A Governing.com blog post by finance writer Liz Farmer includes a little history lesson for conservative governors looking to swap income tax cuts for higher sales taxes. In order to avoid a massive drop-off in tax revenue in such a scenario, states would be obliged to not only increase their sales tax rate, but expand it beyond goods to include services as well.
But an example from Florida’s recent past gives reason to pause:
Expanding the sales base to include services would address both of those issues. However, getting that idea past the powerful lobbies that advocate for the affected industries is another question. In 1987, the Florida Legislature enacted an expanded sales tax on services like including advertising, legal, accounting and construction services. The move was met with enormous outcry. Major corporations like Coca-Cola and Procter & Gamble canceled or reduced their advertising in the state to protest the tax while business groups canceled at least 60 conventions they had booked in the state.
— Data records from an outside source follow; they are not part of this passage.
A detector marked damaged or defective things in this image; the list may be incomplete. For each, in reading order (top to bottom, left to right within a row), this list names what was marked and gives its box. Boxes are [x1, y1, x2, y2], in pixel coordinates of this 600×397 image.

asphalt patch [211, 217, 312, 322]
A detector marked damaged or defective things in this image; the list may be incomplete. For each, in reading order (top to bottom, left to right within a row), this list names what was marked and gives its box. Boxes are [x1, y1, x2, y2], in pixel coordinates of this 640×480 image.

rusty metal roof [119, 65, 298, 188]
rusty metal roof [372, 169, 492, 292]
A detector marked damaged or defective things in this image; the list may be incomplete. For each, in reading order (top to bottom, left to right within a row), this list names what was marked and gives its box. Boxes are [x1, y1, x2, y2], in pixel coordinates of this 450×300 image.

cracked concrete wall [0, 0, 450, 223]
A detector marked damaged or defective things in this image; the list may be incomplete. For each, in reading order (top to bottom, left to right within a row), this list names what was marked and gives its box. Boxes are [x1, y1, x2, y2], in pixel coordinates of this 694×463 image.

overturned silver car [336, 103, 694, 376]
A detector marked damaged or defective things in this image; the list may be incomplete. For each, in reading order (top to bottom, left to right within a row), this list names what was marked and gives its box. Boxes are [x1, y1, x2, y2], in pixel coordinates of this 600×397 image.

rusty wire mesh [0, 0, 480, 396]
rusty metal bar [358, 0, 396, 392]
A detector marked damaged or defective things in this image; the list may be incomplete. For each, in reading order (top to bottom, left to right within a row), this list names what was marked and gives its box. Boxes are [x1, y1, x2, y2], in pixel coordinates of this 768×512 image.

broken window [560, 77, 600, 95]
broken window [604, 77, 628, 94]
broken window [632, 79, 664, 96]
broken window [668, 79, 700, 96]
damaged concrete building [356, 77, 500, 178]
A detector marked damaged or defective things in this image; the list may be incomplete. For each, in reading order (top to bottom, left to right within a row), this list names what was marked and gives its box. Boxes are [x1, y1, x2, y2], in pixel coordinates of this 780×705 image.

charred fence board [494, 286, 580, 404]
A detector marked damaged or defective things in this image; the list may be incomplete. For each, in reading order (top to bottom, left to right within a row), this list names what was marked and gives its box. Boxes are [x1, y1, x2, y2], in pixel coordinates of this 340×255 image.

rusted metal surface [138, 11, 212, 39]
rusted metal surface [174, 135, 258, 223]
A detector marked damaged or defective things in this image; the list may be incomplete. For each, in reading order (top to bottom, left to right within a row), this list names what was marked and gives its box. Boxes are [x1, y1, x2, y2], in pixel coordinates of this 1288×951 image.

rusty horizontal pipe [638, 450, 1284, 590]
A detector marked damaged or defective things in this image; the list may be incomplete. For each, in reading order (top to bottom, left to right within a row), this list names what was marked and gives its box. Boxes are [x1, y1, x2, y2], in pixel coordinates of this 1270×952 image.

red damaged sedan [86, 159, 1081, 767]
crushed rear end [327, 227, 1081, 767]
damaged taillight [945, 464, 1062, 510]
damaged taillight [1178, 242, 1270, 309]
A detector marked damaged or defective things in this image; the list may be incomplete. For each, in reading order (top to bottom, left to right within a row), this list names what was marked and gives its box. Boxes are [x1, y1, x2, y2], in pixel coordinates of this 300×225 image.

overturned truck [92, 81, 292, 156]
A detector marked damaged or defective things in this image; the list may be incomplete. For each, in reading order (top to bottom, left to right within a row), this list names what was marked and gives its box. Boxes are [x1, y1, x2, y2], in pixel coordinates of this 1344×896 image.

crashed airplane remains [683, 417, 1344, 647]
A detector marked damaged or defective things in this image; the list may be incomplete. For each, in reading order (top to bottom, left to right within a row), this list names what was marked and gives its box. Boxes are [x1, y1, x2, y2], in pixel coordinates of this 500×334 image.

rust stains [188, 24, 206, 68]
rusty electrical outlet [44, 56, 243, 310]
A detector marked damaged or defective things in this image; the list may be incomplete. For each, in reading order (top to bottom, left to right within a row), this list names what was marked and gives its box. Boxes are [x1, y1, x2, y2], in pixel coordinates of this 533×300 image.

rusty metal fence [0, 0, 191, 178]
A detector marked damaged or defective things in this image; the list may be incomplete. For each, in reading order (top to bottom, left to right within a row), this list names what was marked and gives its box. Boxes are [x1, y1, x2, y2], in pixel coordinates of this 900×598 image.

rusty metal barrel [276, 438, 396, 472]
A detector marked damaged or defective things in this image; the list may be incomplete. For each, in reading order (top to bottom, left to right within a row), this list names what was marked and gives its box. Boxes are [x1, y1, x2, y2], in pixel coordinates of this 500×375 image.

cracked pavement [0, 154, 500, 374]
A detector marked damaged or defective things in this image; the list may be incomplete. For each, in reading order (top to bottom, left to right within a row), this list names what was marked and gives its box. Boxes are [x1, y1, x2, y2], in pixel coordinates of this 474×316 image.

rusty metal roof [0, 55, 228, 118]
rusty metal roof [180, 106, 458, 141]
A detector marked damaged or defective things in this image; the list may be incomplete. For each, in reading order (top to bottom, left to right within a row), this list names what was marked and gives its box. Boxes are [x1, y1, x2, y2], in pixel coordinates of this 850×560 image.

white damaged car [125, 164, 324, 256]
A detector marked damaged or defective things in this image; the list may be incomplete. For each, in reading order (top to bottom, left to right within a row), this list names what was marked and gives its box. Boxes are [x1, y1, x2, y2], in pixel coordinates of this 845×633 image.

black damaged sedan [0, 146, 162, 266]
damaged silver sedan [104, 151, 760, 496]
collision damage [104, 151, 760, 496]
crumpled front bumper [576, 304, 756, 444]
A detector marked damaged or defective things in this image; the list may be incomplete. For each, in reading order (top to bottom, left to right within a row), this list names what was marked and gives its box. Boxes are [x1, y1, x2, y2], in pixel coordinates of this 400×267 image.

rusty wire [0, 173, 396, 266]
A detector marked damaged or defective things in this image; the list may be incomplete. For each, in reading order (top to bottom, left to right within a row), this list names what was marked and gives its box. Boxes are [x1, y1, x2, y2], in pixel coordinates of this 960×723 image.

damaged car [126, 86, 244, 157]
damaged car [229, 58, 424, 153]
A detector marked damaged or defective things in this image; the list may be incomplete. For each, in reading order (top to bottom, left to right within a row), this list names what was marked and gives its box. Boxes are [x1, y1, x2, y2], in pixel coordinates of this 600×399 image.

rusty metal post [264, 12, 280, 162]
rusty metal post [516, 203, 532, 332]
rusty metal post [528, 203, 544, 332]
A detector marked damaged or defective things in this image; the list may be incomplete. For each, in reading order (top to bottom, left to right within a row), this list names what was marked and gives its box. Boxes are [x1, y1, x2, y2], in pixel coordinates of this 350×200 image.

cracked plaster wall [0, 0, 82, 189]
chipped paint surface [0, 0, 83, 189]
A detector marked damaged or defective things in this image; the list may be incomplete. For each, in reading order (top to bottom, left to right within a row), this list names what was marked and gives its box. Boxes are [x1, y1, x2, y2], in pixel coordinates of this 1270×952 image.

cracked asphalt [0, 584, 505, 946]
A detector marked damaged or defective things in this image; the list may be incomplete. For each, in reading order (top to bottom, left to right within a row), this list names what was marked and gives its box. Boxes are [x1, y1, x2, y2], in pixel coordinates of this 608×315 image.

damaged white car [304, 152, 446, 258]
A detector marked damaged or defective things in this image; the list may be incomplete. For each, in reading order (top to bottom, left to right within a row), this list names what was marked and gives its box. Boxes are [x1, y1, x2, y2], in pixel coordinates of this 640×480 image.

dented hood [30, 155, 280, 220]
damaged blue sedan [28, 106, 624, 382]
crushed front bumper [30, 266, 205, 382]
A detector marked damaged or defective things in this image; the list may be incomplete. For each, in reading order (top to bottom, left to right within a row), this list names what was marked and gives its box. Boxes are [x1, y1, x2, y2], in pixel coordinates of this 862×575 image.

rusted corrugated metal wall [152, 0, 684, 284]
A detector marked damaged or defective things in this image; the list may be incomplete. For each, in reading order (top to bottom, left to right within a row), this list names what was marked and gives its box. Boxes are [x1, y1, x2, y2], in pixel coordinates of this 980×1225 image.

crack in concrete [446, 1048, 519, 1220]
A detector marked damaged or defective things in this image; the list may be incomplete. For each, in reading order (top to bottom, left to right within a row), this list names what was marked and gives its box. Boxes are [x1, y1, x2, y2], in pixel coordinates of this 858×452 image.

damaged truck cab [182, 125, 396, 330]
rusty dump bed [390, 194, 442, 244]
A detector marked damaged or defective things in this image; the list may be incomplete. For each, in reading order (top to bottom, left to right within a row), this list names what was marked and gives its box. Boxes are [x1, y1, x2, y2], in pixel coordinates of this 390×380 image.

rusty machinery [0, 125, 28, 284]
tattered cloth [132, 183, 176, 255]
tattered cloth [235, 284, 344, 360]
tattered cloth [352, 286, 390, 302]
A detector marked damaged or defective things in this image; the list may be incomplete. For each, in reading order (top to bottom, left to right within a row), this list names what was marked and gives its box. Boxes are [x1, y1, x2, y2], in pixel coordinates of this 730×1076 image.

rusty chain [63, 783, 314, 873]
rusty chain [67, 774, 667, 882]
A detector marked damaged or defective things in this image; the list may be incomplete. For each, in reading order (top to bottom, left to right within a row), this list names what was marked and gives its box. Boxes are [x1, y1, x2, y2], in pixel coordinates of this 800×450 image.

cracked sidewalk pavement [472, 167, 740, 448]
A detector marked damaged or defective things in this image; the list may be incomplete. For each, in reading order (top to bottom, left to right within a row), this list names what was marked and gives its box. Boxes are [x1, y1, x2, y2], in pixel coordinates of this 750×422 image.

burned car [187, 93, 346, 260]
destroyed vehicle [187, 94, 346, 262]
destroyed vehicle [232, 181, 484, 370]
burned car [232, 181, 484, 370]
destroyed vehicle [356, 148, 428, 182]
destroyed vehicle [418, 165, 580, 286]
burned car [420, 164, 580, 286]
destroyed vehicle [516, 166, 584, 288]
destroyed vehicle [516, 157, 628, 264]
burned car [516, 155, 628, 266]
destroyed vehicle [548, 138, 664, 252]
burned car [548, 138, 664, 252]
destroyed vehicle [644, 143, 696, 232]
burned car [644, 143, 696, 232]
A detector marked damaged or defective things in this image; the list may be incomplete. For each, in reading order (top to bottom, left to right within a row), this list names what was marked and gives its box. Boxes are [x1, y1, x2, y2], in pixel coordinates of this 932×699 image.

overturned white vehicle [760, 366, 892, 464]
The tax lasted just six months until it was repealed and the legislature instead voted to raise the sales tax from 5 percent to 6 percent, a rate that is still in effect today.
It’s worth noting that a tax expert quoted in the blog confirms that income taxes are the most destructive tax because they create a disincentive to build wealth. However, as the experience in Florida shows, a workable sales tax runs the risk of becoming quickly unpopular once consumers start seeing the true cost of government on every commercial transaction.
Assuming some states do enact the income-for-sales-tax swap, maybe the sticker shock will prompt another round of reform; one that perhaps lets third-party vendors compete for government contracts to deliver services at a fraction of what it costs to fund a bureaucracy.